§ **Given data**
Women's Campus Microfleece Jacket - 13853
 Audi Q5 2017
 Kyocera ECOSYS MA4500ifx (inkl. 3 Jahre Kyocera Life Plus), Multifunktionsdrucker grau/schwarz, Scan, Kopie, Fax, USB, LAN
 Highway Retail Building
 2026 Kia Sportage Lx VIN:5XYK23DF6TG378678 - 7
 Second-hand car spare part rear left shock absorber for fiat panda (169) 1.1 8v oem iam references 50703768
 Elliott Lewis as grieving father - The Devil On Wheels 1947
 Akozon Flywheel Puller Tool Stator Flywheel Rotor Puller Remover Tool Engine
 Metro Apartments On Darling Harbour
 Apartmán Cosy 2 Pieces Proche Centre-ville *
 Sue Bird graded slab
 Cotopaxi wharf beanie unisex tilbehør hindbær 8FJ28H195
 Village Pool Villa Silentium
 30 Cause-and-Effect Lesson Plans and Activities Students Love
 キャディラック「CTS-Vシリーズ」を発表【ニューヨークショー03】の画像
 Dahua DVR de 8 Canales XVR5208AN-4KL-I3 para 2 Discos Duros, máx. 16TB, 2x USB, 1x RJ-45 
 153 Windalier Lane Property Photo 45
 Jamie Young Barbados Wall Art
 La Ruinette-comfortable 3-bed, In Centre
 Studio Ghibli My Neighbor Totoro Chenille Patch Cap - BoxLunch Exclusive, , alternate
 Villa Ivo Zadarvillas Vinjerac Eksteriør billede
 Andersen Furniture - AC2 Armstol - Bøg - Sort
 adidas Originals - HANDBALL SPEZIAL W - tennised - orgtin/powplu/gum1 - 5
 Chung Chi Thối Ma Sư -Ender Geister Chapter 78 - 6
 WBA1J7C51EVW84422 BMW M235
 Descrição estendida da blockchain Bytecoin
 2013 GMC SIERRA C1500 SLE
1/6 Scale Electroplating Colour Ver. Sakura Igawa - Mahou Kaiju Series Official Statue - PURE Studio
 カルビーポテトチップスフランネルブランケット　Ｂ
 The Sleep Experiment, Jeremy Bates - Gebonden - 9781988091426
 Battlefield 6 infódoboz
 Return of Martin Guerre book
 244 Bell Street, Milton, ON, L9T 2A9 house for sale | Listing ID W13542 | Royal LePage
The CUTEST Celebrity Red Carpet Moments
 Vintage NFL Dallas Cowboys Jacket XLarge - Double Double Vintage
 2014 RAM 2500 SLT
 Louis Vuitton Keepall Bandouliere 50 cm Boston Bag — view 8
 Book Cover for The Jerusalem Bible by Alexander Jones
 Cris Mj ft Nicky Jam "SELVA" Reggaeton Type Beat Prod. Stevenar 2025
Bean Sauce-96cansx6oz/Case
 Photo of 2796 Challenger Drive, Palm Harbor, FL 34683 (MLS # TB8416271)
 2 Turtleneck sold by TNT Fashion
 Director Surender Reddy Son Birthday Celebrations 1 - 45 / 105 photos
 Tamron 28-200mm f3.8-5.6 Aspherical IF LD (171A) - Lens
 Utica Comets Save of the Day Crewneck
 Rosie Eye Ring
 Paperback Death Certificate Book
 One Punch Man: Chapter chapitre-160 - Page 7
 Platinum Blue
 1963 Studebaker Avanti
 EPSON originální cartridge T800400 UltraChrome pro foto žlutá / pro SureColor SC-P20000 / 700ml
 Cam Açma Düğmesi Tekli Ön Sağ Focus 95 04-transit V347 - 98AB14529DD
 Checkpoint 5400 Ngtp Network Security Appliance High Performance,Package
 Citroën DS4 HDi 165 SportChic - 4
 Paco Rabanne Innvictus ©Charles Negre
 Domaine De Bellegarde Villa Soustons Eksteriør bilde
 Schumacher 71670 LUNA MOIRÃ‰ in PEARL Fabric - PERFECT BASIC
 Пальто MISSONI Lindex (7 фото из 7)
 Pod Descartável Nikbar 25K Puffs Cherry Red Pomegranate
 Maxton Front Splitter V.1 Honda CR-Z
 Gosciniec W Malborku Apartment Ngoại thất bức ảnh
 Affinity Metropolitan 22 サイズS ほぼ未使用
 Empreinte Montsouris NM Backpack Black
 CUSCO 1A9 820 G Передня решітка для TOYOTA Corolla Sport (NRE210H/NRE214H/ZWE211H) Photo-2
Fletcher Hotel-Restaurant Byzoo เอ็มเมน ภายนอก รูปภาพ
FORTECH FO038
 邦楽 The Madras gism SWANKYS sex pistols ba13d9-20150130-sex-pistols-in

§ **Your objective**
From the line that holds "Tamron 28-200mm f3.8-5.6" to the last line of the records above, print each line exactly. Add nothing else.

§ **Response area**
 Tamron 28-200mm f3.8-5.6 Aspherical IF LD (171A) - Lens
 Utica Comets Save of the Day Crewneck
 Rosie Eye Ring
 Paperback Death Certificate Book
 One Punch Man: Chapter chapitre-160 - Page 7
 Platinum Blue
 1963 Studebaker Avanti
 EPSON originální cartridge T800400 UltraChrome pro foto žlutá / pro SureColor SC-P20000 / 700ml
 Cam Açma Düğmesi Tekli Ön Sağ Focus 95 04-transit V347 - 98AB14529DD
 Checkpoint 5400 Ngtp Network Security Appliance High Performance,Package
 Citroën DS4 HDi 165 SportChic - 4
 Paco Rabanne Innvictus ©Charles Negre
 Domaine De Bellegarde Villa Soustons Eksteriør bilde
 Schumacher 71670 LUNA MOIRÃ‰ in PEARL Fabric - PERFECT BASIC
 Пальто MISSONI Lindex (7 фото из 7)
 Pod Descartável Nikbar 25K Puffs Cherry Red Pomegranate
 Maxton Front Splitter V.1 Honda CR-Z
 Gosciniec W Malborku Apartment Ngoại thất bức ảnh
 Affinity Metropolitan 22 サイズS ほぼ未使用
 Empreinte Montsouris NM Backpack Black
 CUSCO 1A9 820 G Передня решітка для TOYOTA Corolla Sport (NRE210H/NRE214H/ZWE211H) Photo-2
Fletcher Hotel-Restaurant Byzoo เอ็มเมน ภายนอก รูปภาพ
FORTECH FO038
 邦楽 The Madras gism SWANKYS sex pistols ba13d9-20150130-sex-pistols-in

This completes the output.